Sketch of Daisy Bank, by Frank Randell from a photo, 1992. By permission of Mr and Mrs C Worth.

Thomas Lowe was one of the five gentlemen among the twenty six petitioners in 1740 who wrote to the Bishop of Chester asking for permission to pull down the town chapel because it was too small, old and decayed. The bishop approved their application and by 1742 they had built as much of the new chapel as money allowed. Thomas Lowe and Richard Martin(Alderman) were appointed by the Corporation to manage very aspect of the rebuilding of the chapel, begun in 1741. In the new chapel Thomas Lowe had a vault dug where he and his family are buried.

He left a long and detailed will and inventory. Two significant points he made were his apology to his family for not leaving them much money as he had spent it on developing and increasing the value of their home at Daisy Bank House, (Now only remembered in the name of a housing estate next to the A 34.) and, as it seems, on his collections – medals, coins, books, instruments, pictures, little toys, rings, seals with coats of arms, a pair of pistols and curiosities – “which I have been long time at great pains & expense in collecting & picking up”. However, he left his dear wife not only their home but also five houses in West Street and a share in a rented property in Richmond, Yorkshire.
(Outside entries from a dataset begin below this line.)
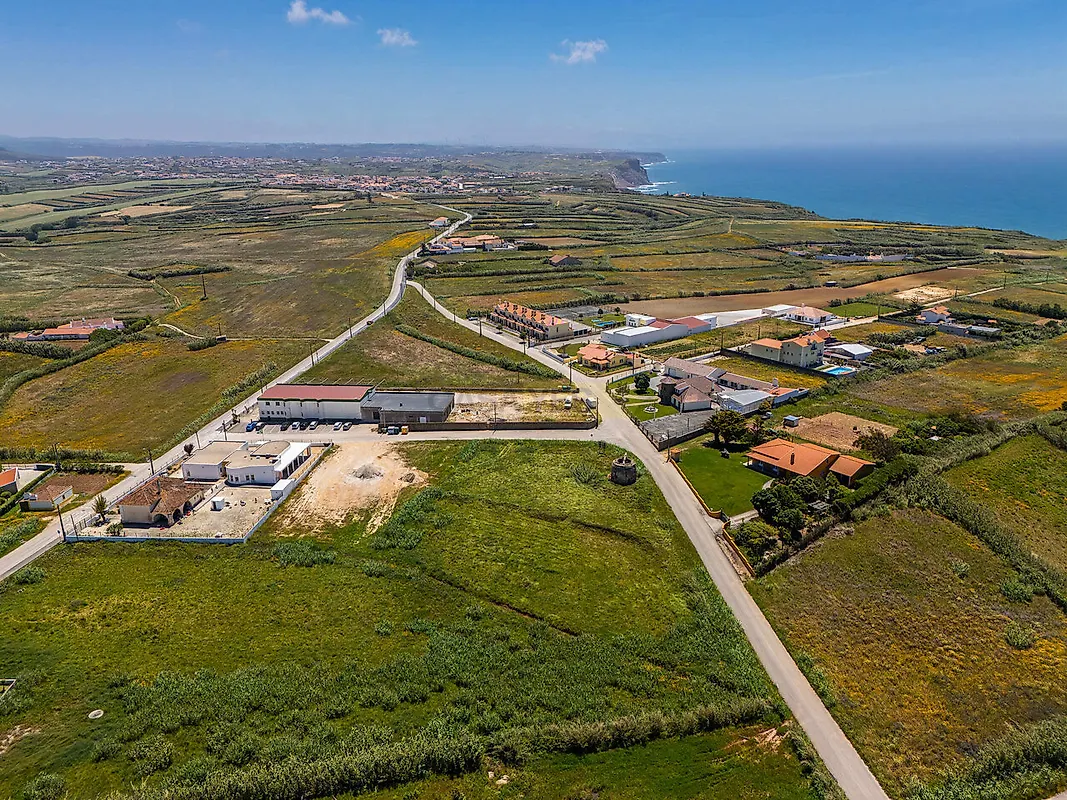 Moradia T0 à venda em São Pedro da Cadeira, Torres Vedras — foto 11
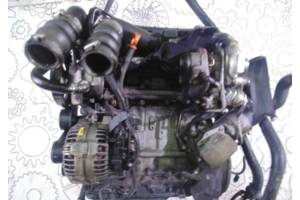 Двигатель Citroen Berlingo 1.6 Дизель 9HW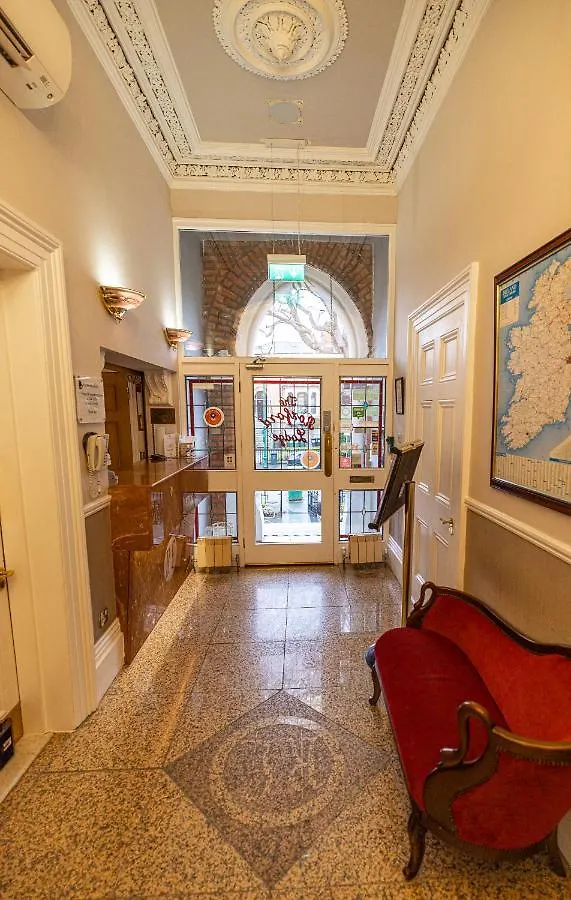 Roxford Lodge Hotel Dublín Irlanda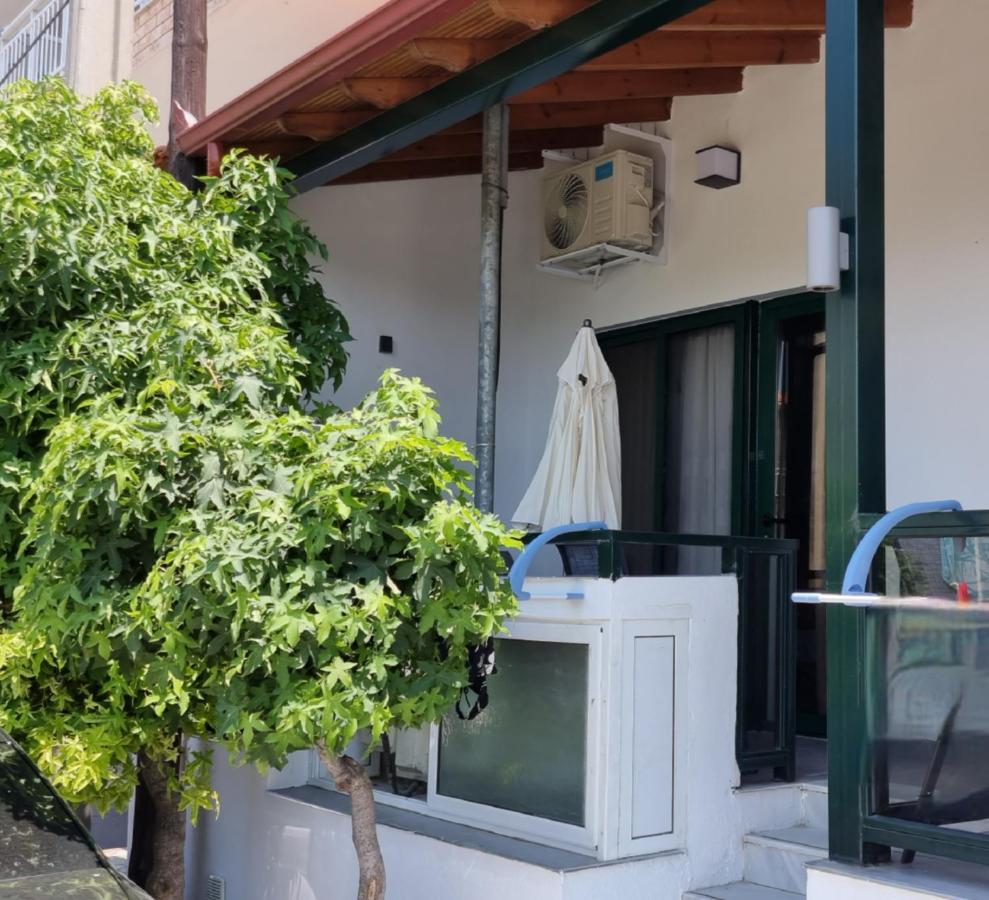 Apartment Sophia Seaview & Restaurant *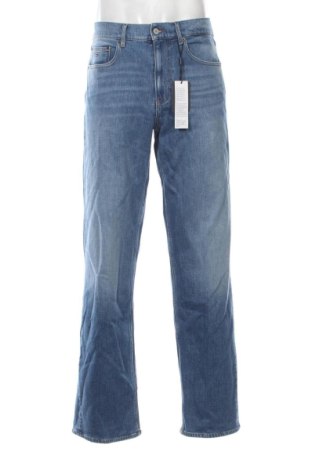 Férfi farmernadrág Tommy Jeans, Méret XL, Szín Kék, Ár 32 645 Ft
Secondly he made a clear testimony of his beliefs in his will:

“To me Christ is advantage both in Life and Death. I hope my life doth witness my religion, however let me give this testimony that I dye a true believing Protestant of the Church of England. Sincerely penetent for my Sins, comfortably assured by ffaith, That Christ Jesus has satisfied God`s Justice, and that I shall be made partaker of Eternall life. In this life I have found all worldly things but varying vanities and false joys, of by times I have had my portion. But I hope to meet with more permanent, certain and compleat hapiness now that I am going to meet my Saviour face to face.” He did not want an elaborate funeral, but a “decent” one because as he wrote “My body to the earth where it is, yet for the honour it once had as the Temple of the Holy Ghost, and the glory it shall have when it puts on Immortality.”

There is no visible monument or grave in the church for Thomas Lowe and his family. They are buried in their vault beneath the parquet flooring in the south east corner.